I studied embedding models and vector similarity in depth. The choice of embedding model, the dimensionality of the vector space, the similarity metric, and the indexing algorithm all affect retrieval quality. I ran experiments comparing different embedding models on our internal data and found that the best-performing model for general benchmarks was not the best for our specific content types.
I explored fine-tuning, both full fine-tuning and parameter-efficient methods like LoRA. I fine-tuned a Llama 2 7B model on a curated dataset of our internal documentation and operational knowledge. The resulting model was measurably better at answering infrastructure-specific questions than the base model, though it still fell short of GPT-4 on complex reasoning tasks.
What I Have Built
Several concrete projects have emerged from this research:
InfraBot: An AI-powered assistant for infrastructure engineers that can answer questions about our systems, explain recent changes, diagnose common issues, and generate infrastructure code. It uses a RAG pipeline over our documentation combined with function calling to query our monitoring and configuration management systems. Engineers on the team have started using it daily, which is the best validation I could ask for.
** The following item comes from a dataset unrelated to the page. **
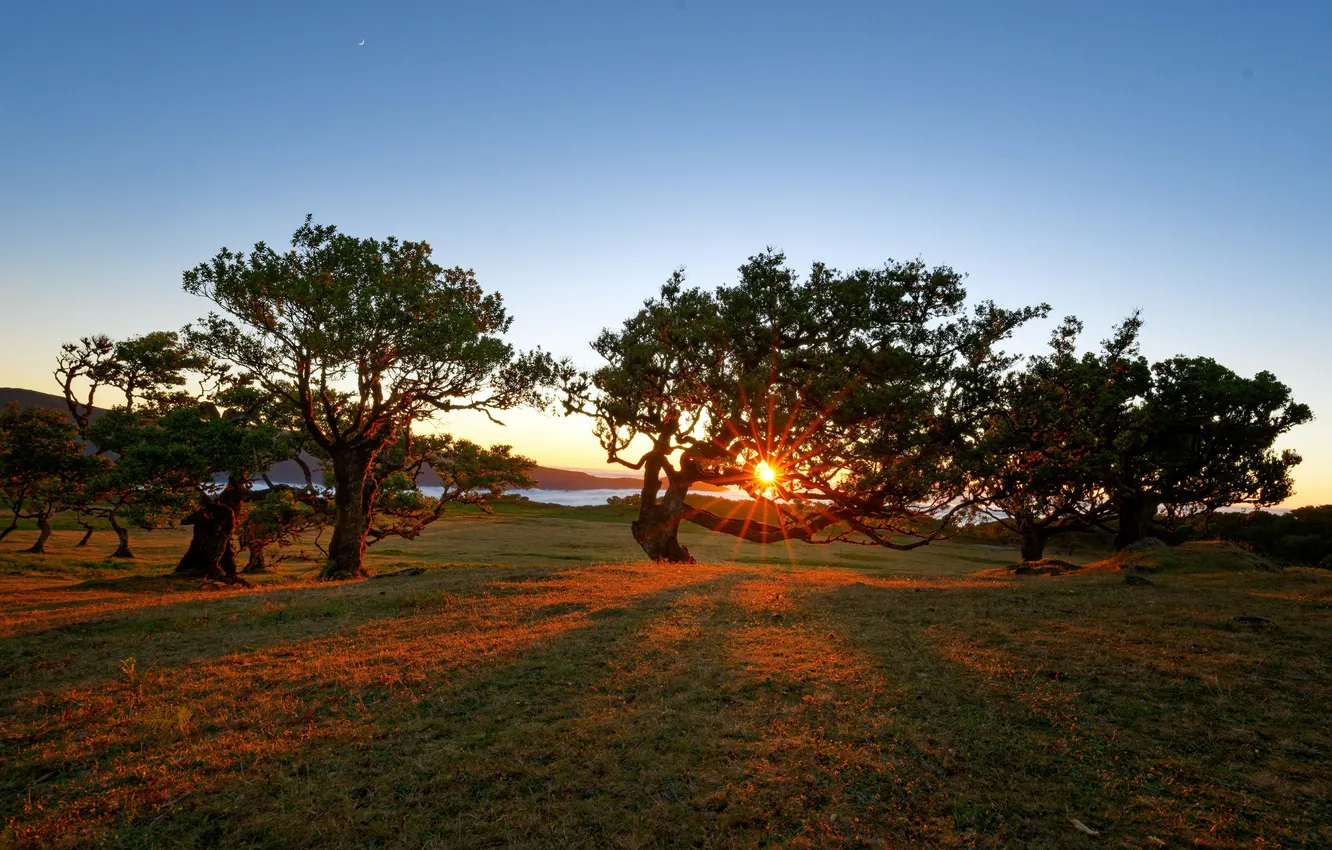 Photo wallpaper grass, trees, Portugal, Porto Moniz, sunrise, sunrise, Portugal, blue sky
Eval Framework: A systematic evaluation harness for testing LLM outputs against expected results. It supports multiple evaluation strategies (exact match, semantic similarity, rubric-based scoring) and generates reports that track quality metrics over time. This has been essential for making data-driven decisions about model selection, prompt optimization, and retrieval configuration.
Knowledge Sync: A pipeline that automatically ingests and indexes internal documentation, keeping the vector store current as documents are created and updated. Getting this right required solving practical problems around incremental indexing, document deduplication, and handling format conversions from various source systems.
Lessons Learned
Several insights have emerged from this journey that I think are broadly applicable:
Infrastructure skills transfer directly. The problems of running AI systems, model serving, data pipeline management, monitoring and observability, cost optimization, are infrastructure problems. My years of building cloud platforms have been directly relevant every day.
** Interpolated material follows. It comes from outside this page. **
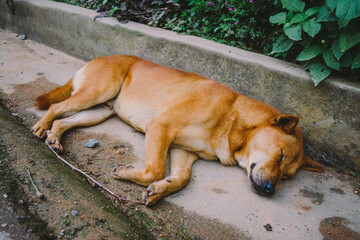dog sleeping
The gap between demo and production is enormous. Building a chatbot that works in a demo takes a weekend. Building one that works reliably in production, with proper error handling, evaluation, security, and operational visibility, takes months. Most of the work is in the parts that are not visible to the end user.
Evaluation is the hardest part. It is surprisingly difficult to define and measure "good" for language model outputs. Human evaluation does not scale. Automated evaluation requires its own development and calibration. This is an unsolved problem at the industry level, and it deserves more attention than it gets.
The pace of change is real. Tools, models, and best practices evolve weekly. A technique I adopted in June was superseded by a better approach in August. Staying current requires continuous learning, and accepting that some of your work will be obsolete before it reaches production.
What Comes Next
I am continuing to deepen my AI expertise while maintaining my infrastructure foundation. The intersection of these two domains is where I see the most valuable and interesting work ahead.
Specifically, I am focusing on agent architectures. The ability for AI systems to autonomously plan and execute multi-step tasks using tools is, in my view, the most important capability on the horizon. Building reliable agent systems requires everything I have been learning: prompt engineering, tool integration, evaluation, and the infrastructure to run it all at scale.
I did not plan to become an AI researcher. But looking back at the path from my first Linux server to cloud architecture to where I am now, each step followed naturally from the last. The technology frontier keeps moving, and I keep following it.